In early September the French Ministry of Labour published a report on the prevention of chemical risks at work.Written by Paul Frimat, a professor in occupational health, this document had been tucked away for several months because it contains several proposals that go against the reforms undertaken under the presidency of Emmanuel Macron. Those reforms aim to reduce employers’ obligations in terms of risk prevention. By contrast, the Frimat report calls for increased employer accountability and recognition of occupational diseases due to dangerous chemicals.
It therefore proposes allowing labour inspectors to impose fines where chemical risk obligations are not met and to ‘extend the temporary cessation of activity procedure’ in cases where a business does not comply with essential prevention measures.
The author makes another notable recommendation that is not strictly work-related: he advocates ‘taxing manufacturers of the most dangerous products’. He also stresses the need to ‘add to the (obsolete) list of work involving dangerous chemicals that people on fixed-term or temporary contracts are prohibited from carrying out’.
Professor Frimat adopts the idea of a bonus-penalty system as part of the workplace accident-occupational disease contribution paid by employers to health insurance companies.
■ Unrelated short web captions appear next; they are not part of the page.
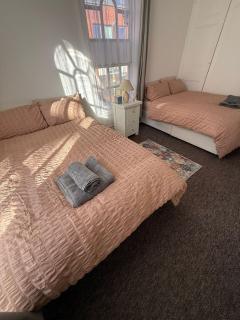 Central location - 3 BR Spacious Townhouse - WiFi - Netflix - Leicester - 8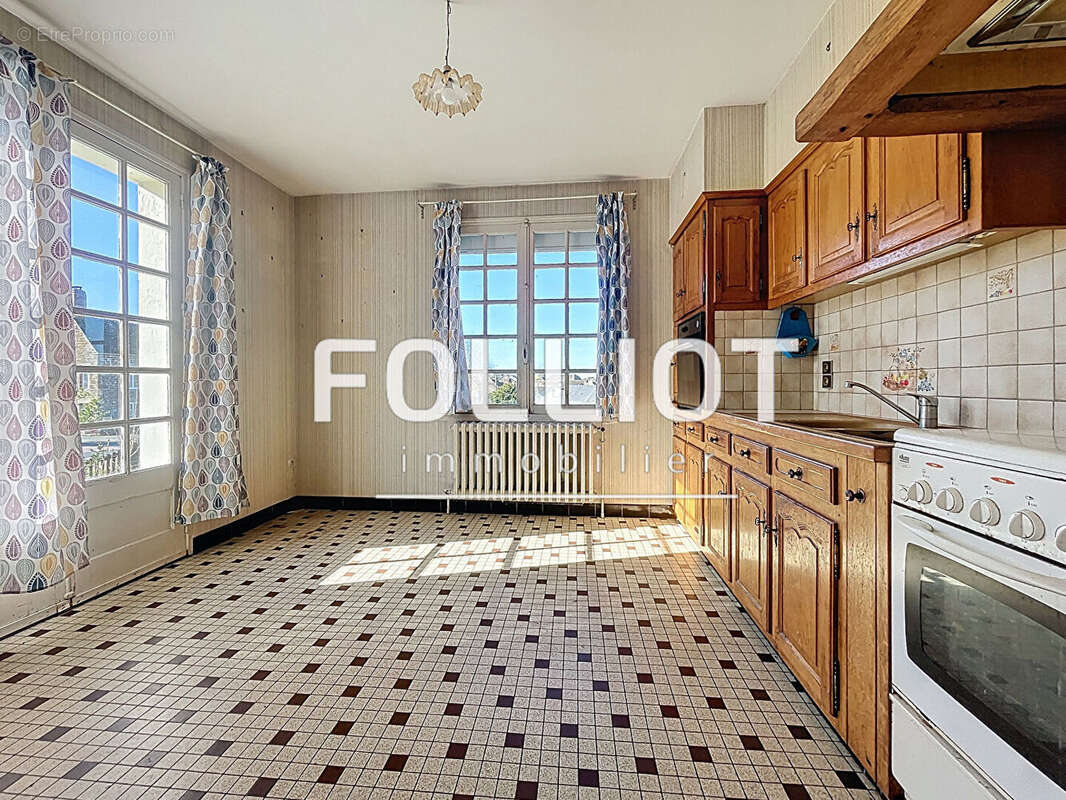 A vendre - Maison de bourg Gavray - photo 5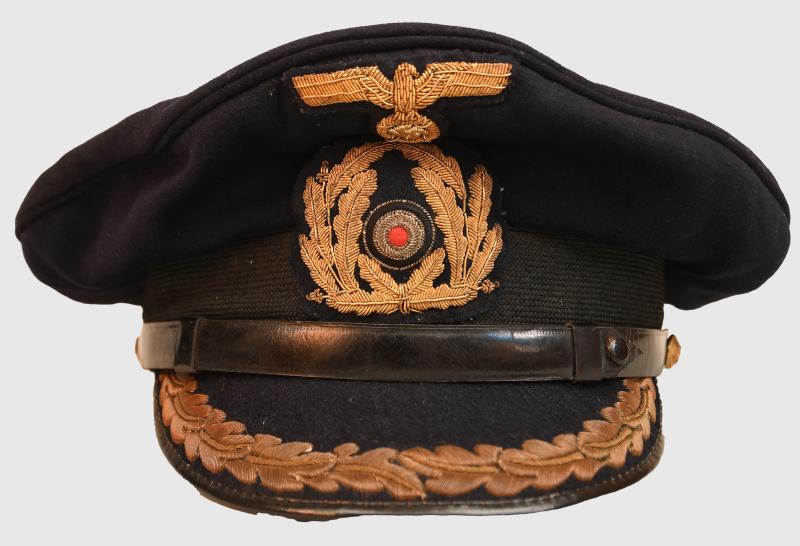 GERMAN WWII KRIEGSMARINE CAPTAINS AND ABOVE VISOR CAP.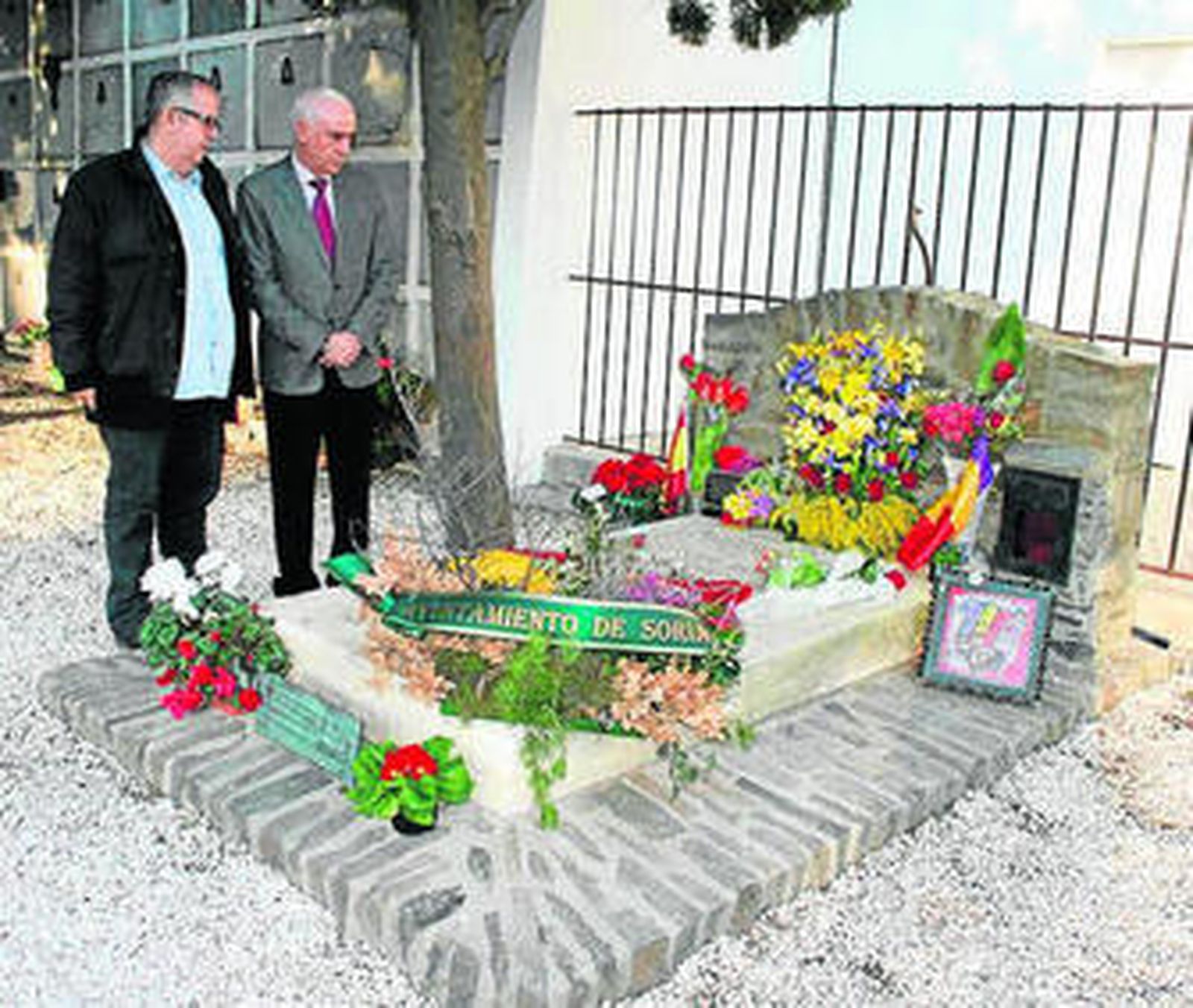 Juan José Téllez y Luciano Alonso, junto a la tumba de Machado.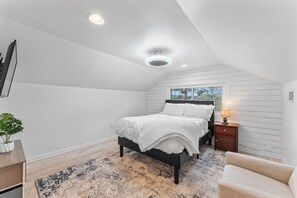 3 bedrooms, desk, iron/ironing board, free WiFi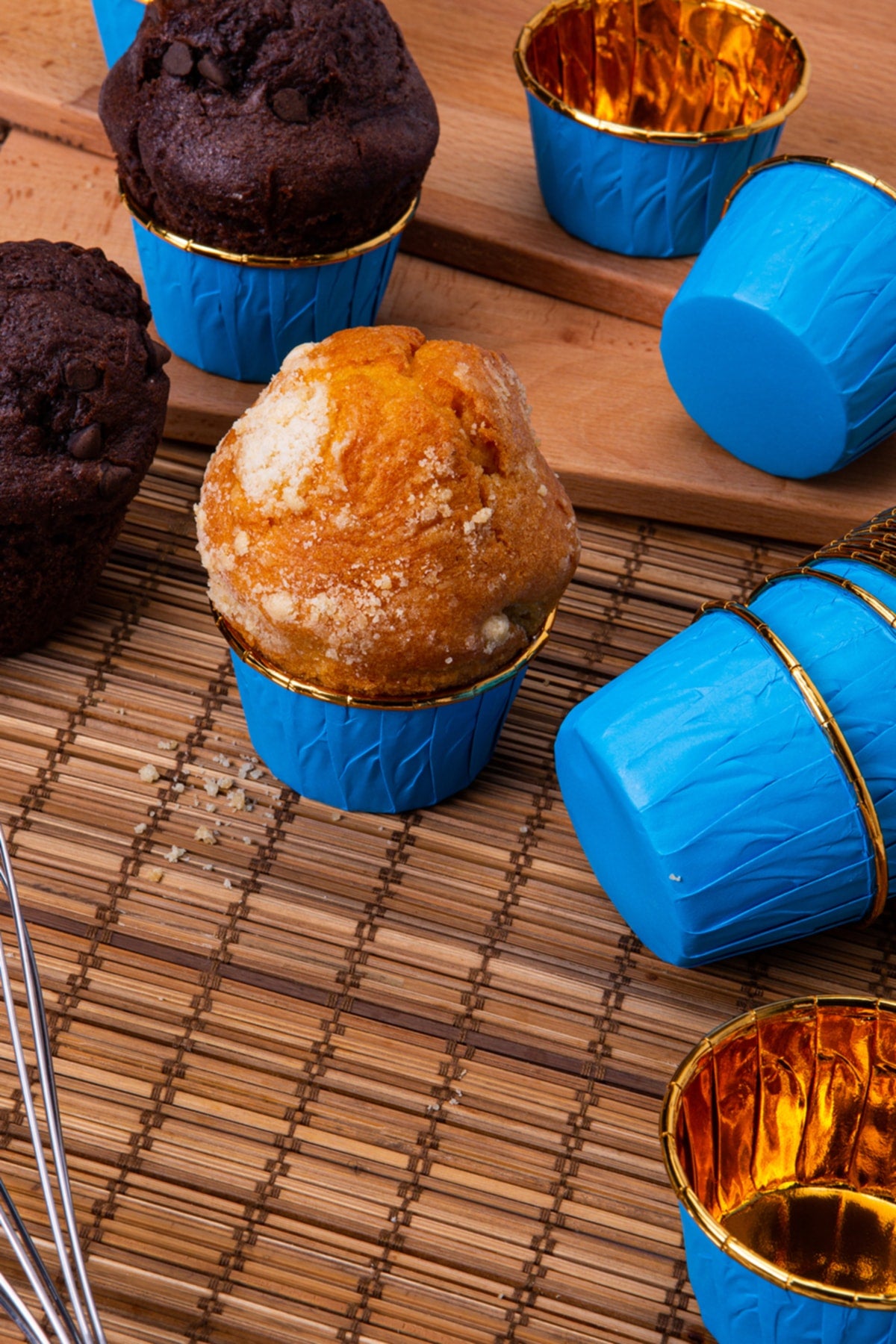 Muffin Cupcake Kalıbı İçi Gold Mavi Renk 25 Adet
The current system already takes account of the business’s results in terms of occupational health and safety, but only to a limited extent.
He also proposes creating an employer record that will improve traceability of workers’ exposure to dangerous substances. Given that the proportion of cancers attributable to occupational factors remains understated and weighs on the social security budget, improving traceability would also help with recognising work-related pathologies. The report underlines that diseases are often reported years later, which means that it is ‘very difficult to prove the worker’s exposure’.
He also recommends making occupational disease tables ‘more flexible’, by introducing the possibility of additional tests allowing work-related causes to be better identified.
In France, a survey has estimated that 2.2 million employees come into contact with at least one carcinogenic chemical, i.e. around one employee in ten.